To be clear--the issue is not who owns the invention—the employer or employee—but rather, irrespective of how the matter of initial ownership is resolved, the separate and distinct question of the extent to which the employee is entitled to additional compensation for his invention beyond his regular salary or the like. Should there be a statutory scheme governing the issue? If so, under what conditions should the employee be entitled to compensation for his employee-related inventions in addition to his regular compensation? On what basis should the compensation be calculated? As noted, there is no single answer to these and related questions and I graciously defer to Jeremy to provide learned guidance about them.

In fact, the precise question that occupied me in this regard was not about employee compensation for patents, but a query of more general concern—why is there no parallel treatment regarding copyright and even trade marks? To the best of this Kat’s understanding, there are no statutes or judgments that have recognized a right of the creator of a work, created in the employer-employee relationship, to claim additional compensation for his work. Nor I am aware of any legal arrangement that entitles the employee who comes up with a world-beating slogan or tag line to claim compensation for his successful creative efforts.

One can simply respond that the question itself is preposterous. In this context, patents are fundamentally different from copyrights and even more so from trade marks. Patents are a patrician right and should be treated as such. The grant of a patent is an infrequent and expensive activity, whose potential value to the company, either through direct use, licensing, litigation or sale to the a third party, can be enormous. “Real men (and women) do patents.”

By contrast, copyright is the most plebian of IP rights. In today’s service-based economy, large numbers of employees are creating multiple copyright works every day. The value of any single work protected by copyright is generally low and well-nigh impossible to measure. As for the clever employee who came up with that unforgetable slogan, true, we can pinpoint the discrete slogan at issue, but the brand value of the slogan derives from the connection between that slogan and the goods or services of the company, not because of the intrinsic value of the slogan itself. No matter how creative a company’s in-house brand-creating “Mad Men” might be, talk of additional compensation in such circumstances is simply folly.

At a first glance, policy considerations would not seem to be to the contrary. The argument is that patents do the heavy lifting of innovation. To the extent that innovation becomes a matter of national concern (and indeed, where is this not the case?), it is in the national interest to take reasonable steps to optimize the use of employee incentives to invent. Creative works and catchy slogans do not rise to the level of being a material driver of innovation. As such, there is no interest in possibly imposing upon employers arrangements for providing incentives via additional compensation to the creative employee. No compelling national interest is present.

And yet—is all the foregoing necessarily true? This Kat would like to offer several reasons why the answer may not be categorically “yes”.
1. The argument can be made that the patent compensation system for employees is an artifact of the historical time in which these arrangements arose, namely the apex of the industrial age.

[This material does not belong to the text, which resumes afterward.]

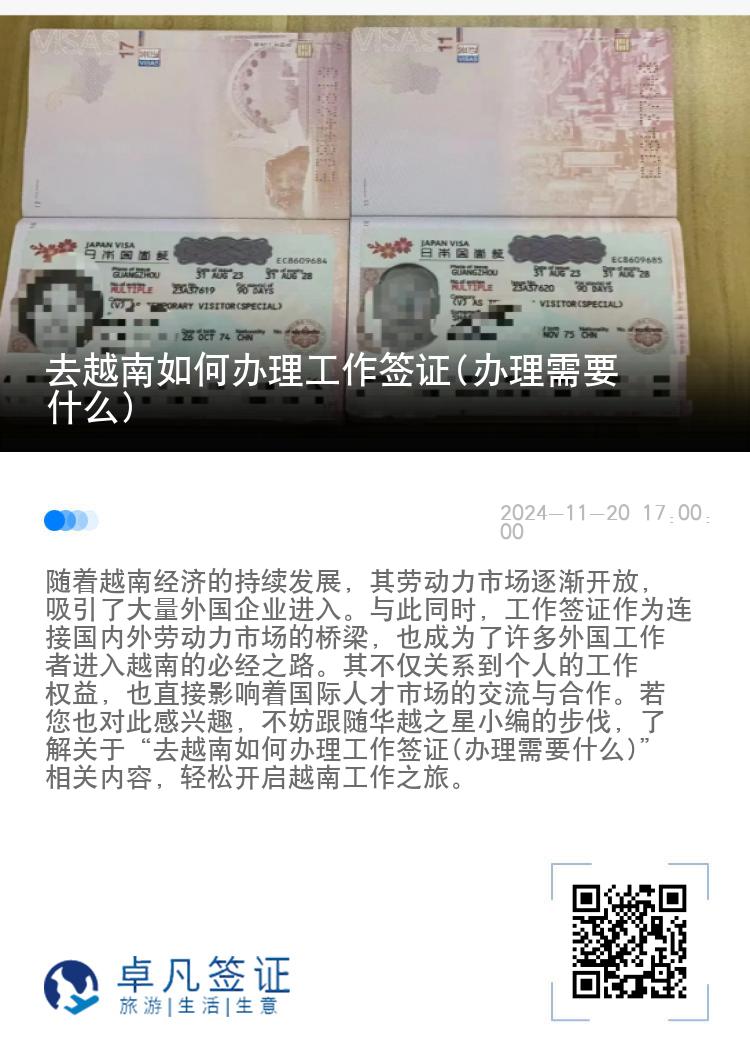 去越南如何辦理工作簽證(辦理需要什么)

The relevant legal framework was therefore developed within the context of a certain period, where patents were the undisputed IP king. Creative works were of no or little commercial significance.

2. However, this is not the case today, where creative works also contribute materially to innovation. At the most graphic level, our world is an increasingly digital one, and digital rights are protected first and foremost by copyright. Discriminating against creative works in favour of patents with respect to possible additional employee compensation might distort incentives for innovation and thereby work against the national innovation interest.

3. Inventions are ever more the result of collaborative efforts. Where the number of inventors increases, the underlying romantic notion of inventorship — the solitary inventor — becomes an anachronism. With this change, the ultimate justification for additional employee compensation becomes less compelling.

4. But there is a push-back here. Even if one accepts these claims, the practical problem still remains. Employee Mr Smith, and his contribution to the stock of patented inventions owned by the company, can be readily identified. The same cannot be generally said with respect to creative works, where teams collectively create the ultimate final work. It is one thing to have a single digit number of inventors contributing to an invention, but it is quite another to identify everyone who created the software code.
And so, permit this Kat to make a heretical suggestion. Perhaps all statutory and judicial attempts to impose an employee compensation system, whatever the IP right, should be abrogated. This does not preclude employers from reaching private arrangements with their employees; indeed, such contractual agreement might be critical in maintaining talented employees. In so doing, however, incentives are brought down to the private, consensual level, rather than being imposed on high.